**WHAT TO DO**
In the records below, find the line that contains "12PCS Halloween Black" and the line that contains "Carved Teak Jodhpur". Set down exactly those lines and every line between them, and nothing more.

**Short text fragments from websites**
=== Section Start ===

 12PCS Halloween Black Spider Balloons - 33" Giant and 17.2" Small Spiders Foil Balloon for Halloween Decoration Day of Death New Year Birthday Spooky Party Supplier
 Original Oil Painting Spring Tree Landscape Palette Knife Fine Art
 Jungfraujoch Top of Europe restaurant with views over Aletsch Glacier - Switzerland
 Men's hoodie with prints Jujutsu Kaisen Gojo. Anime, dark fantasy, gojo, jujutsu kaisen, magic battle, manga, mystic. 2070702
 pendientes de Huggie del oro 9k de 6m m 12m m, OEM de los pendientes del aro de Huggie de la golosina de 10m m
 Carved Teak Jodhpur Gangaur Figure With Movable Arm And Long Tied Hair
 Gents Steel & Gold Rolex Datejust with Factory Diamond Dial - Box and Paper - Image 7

=== Section End ===
=== Section Start ===

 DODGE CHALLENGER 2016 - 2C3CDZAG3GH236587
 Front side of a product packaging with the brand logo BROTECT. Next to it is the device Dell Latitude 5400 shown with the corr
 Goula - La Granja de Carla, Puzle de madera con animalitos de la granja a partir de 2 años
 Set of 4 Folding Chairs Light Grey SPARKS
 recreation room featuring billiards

=== Section End ===

**COMPLETED TASK**
 12PCS Halloween Black Spider Balloons - 33" Giant and 17.2" Small Spiders Foil Balloon for Halloween Decoration Day of Death New Year Birthday Spooky Party Supplier
 Original Oil Painting Spring Tree Landscape Palette Knife Fine Art
 Jungfraujoch Top of Europe restaurant with views over Aletsch Glacier - Switzerland
 Men's hoodie with prints Jujutsu Kaisen Gojo. Anime, dark fantasy, gojo, jujutsu kaisen, magic battle, manga, mystic. 2070702
 pendientes de Huggie del oro 9k de 6m m 12m m, OEM de los pendientes del aro de Huggie de la golosina de 10m m
 Carved Teak Jodhpur Gangaur Figure With Movable Arm And Long Tied Hair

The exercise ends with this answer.